The electric characteristics of a boride strongly depend on the crystal structure thereof; and a boride having a small boron content exhibits electroconductivity, while a crystal that contains a structure of a boron icosahedron (B12 icosahedral cluster) has semiconductive electric characteristics.
Heretofore, as borides, there are known binary borides composed of two component elements such as the above-mentioned LaB6 and MgB2, and also B4C, BN, etc.; and polynary borides with three component elements. As the borides comprising a B12 icosahedral cluster, many substances have been discovered, for example, M-Al—B (where M means an alkali metal or an alkaline earth element) (for example, see PTL 1), RE1-xB12Si4-y (RE means one or more rare earth elements selected from Y, Gd, Tb, Dy, Ho, Er, Tm, Yb and Lu; x and y are each fall within a range of 0≦x≦7 and 0≦y≦2) (for example, see PTL 2), etc.
In addition to application development of such already-existing borides, research and development of a further wide variety of borides to thereby develop highly-functional materials having any other novel function heretofore unknown and capable of being used for various applications has become an important theme.

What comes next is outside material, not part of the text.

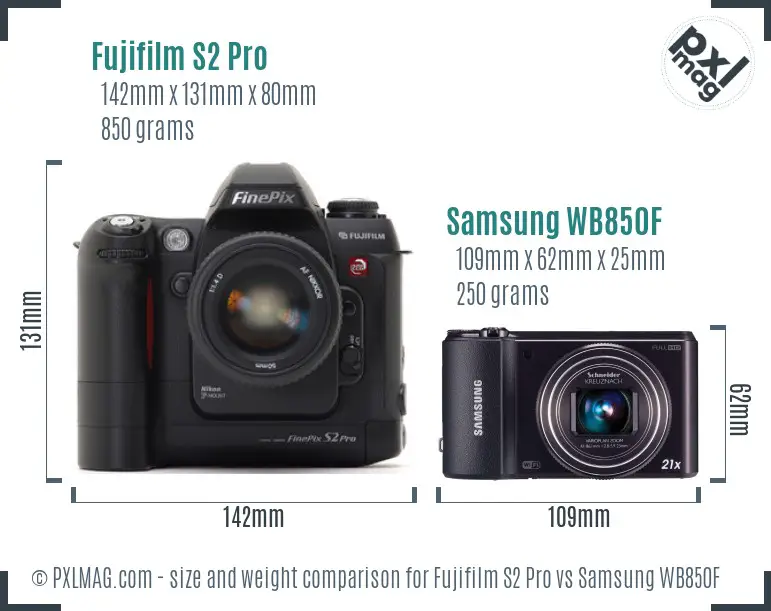 Fujifilm S2 Pro vs Samsung WB850F size comparison Fujifilm S2 Pro vs Samsung WB850F size comparison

On the other hand, a boride or a boron-containing carbide is a substance that is difficult to sinter since, in general, the covalent character thereof is strong. At present, as a method for producing a sintered product of a boride such as typically B4C, there is employed a hot isostatic press sintering method (HIP method) or a spark plasma sintering method (SPS method). In any case, the method requires high-temperature and high-pressure conditions, and the polycrystalline products capable of being produced by the sintering method are limited to those having a simple form. In addition, a boride that is a superhard material is difficult to work after production of the polycrystalline products thereof, and the limitation on the form thereof is a significant bar to industrial application of the material.

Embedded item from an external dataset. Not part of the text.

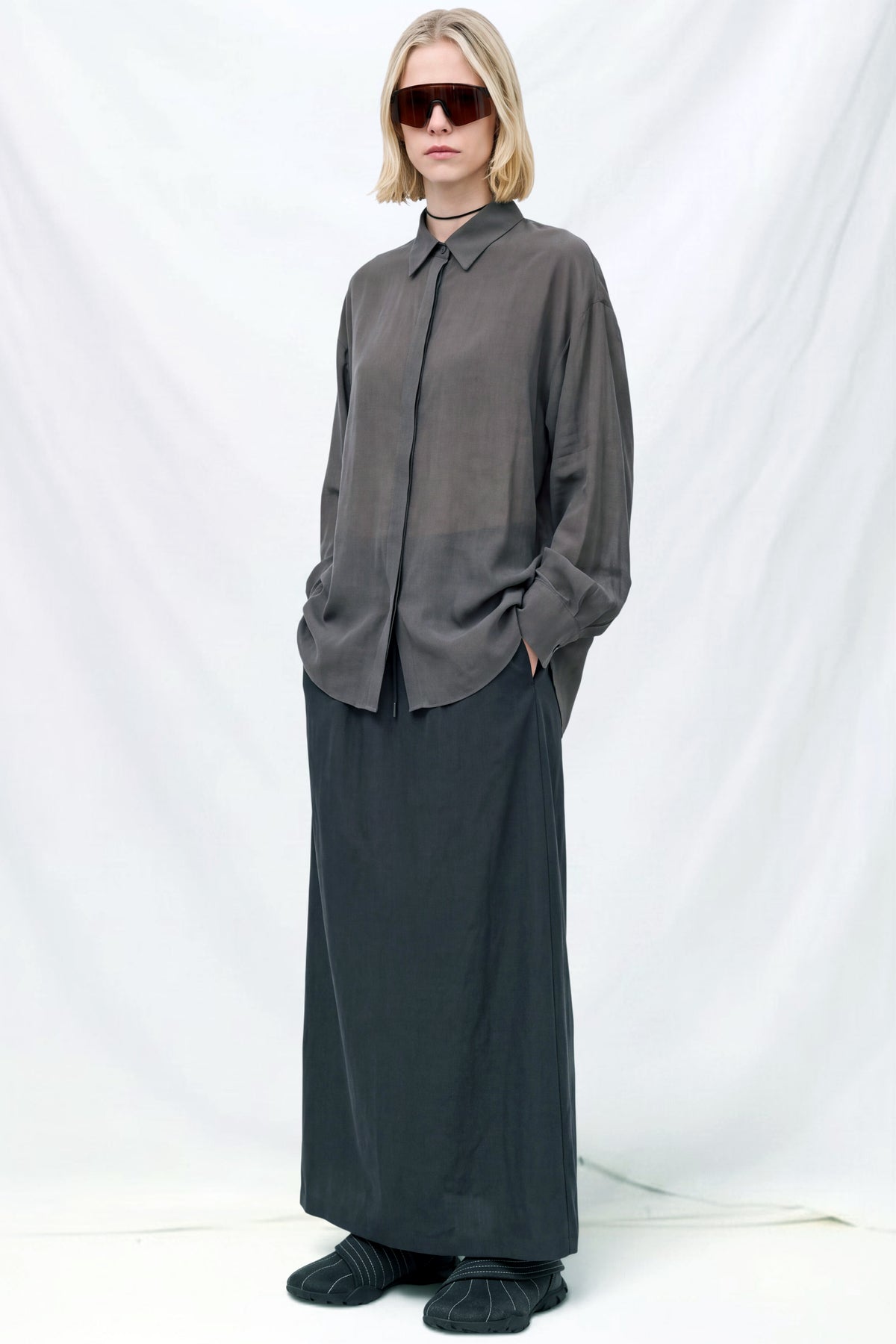 Charcoal Cupro Banding Skirt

Apart from the above-mentioned pressure sintering method, a pressureless sintering method using a sintering promoter such as alumina, tungsten carbide or the like has been developed (for example, see NPL 1, 2). However, precipitation of the second phase to be caused by the sintering promoter used in such a sintering method may have some negative influence on the mechanical behavior of borides. In addition, as being carried out at a high temperature around 2000° C., the pressureless sintering method has another problem in that the energy cost thereof is high.